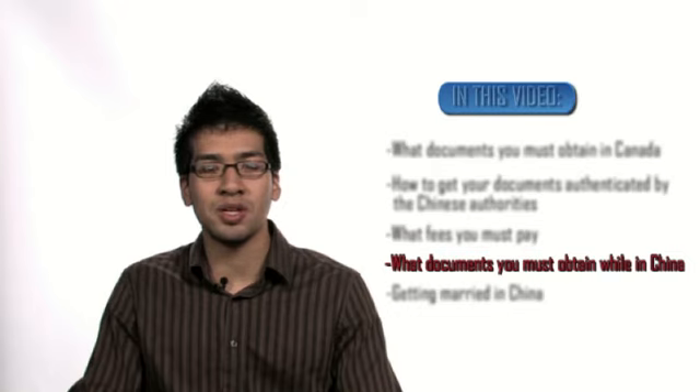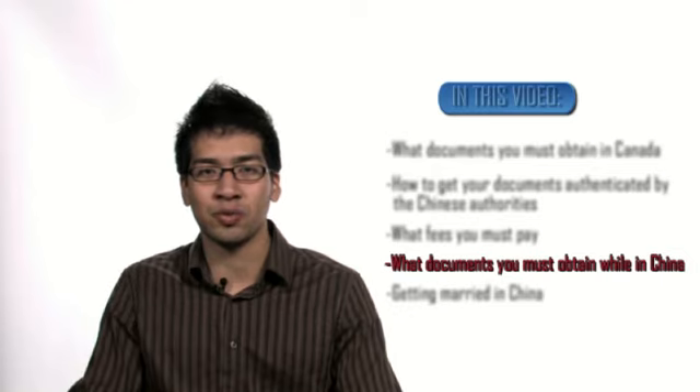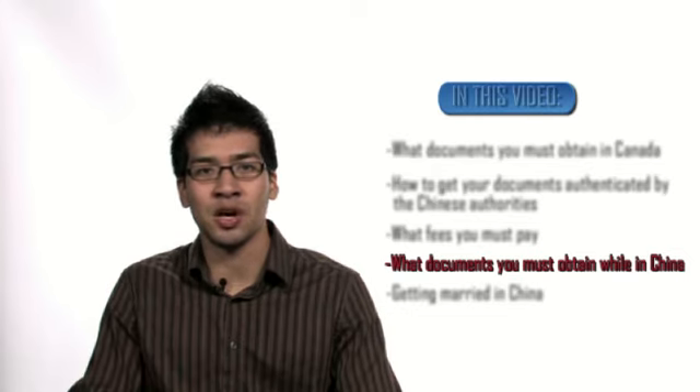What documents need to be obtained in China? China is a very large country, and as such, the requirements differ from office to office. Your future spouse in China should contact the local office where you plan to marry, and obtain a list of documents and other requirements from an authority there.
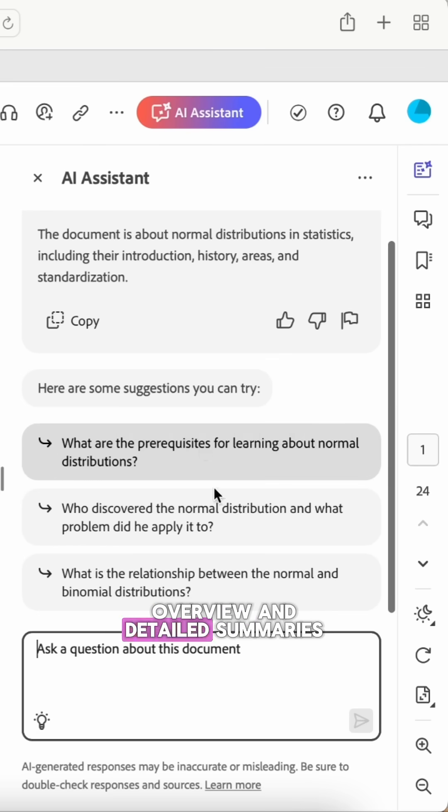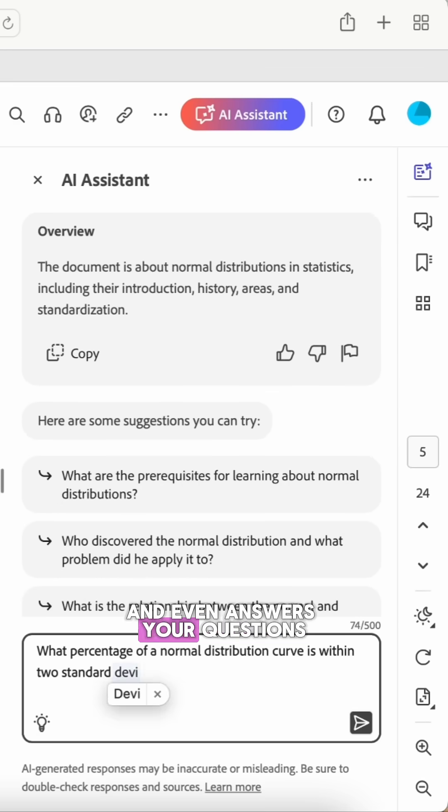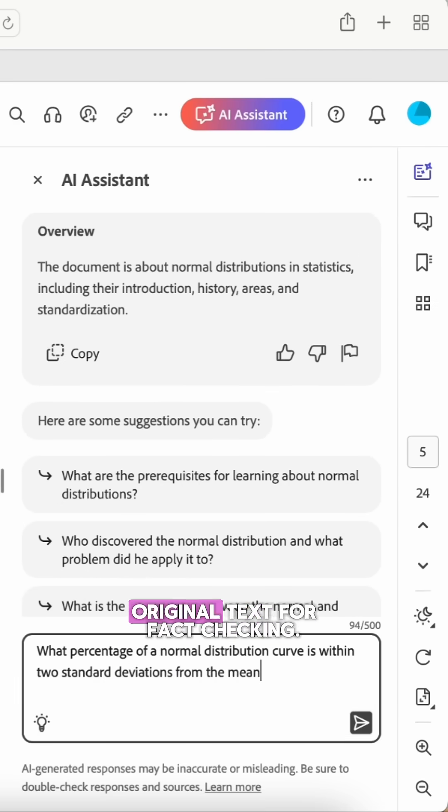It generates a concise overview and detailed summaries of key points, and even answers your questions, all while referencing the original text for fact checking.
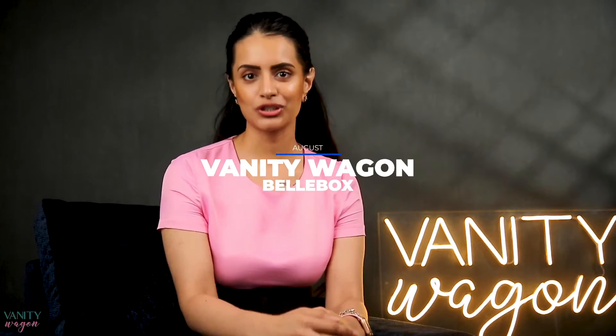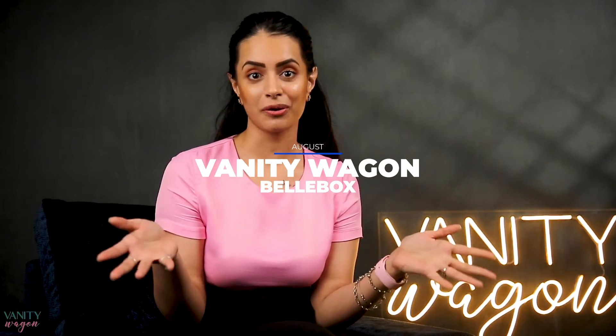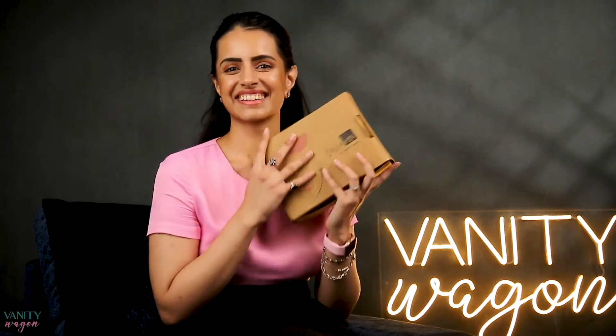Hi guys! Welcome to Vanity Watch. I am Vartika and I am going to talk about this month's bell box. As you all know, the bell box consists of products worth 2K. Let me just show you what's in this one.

EXERCISE DIRECTIONS: Return every line shown above without changing a word, and skip the pictures.

ANSWER FOR THIS EXERCISE:
What documents need to be obtained in China? China is a very large country, and as such, the requirements differ from office to office. Your future spouse in China should contact the local office where you plan to marry, and obtain a list of documents and other requirements from an authority there.
It generates a concise overview and detailed summaries of key points, and even answers your questions, all while referencing the original text for fact checking.
Hi guys! Welcome to Vanity Watch. I am Vartika and I am going to talk about this month's bell box. As you all know, the bell box consists of products worth 2K. Let me just show you what's in this one.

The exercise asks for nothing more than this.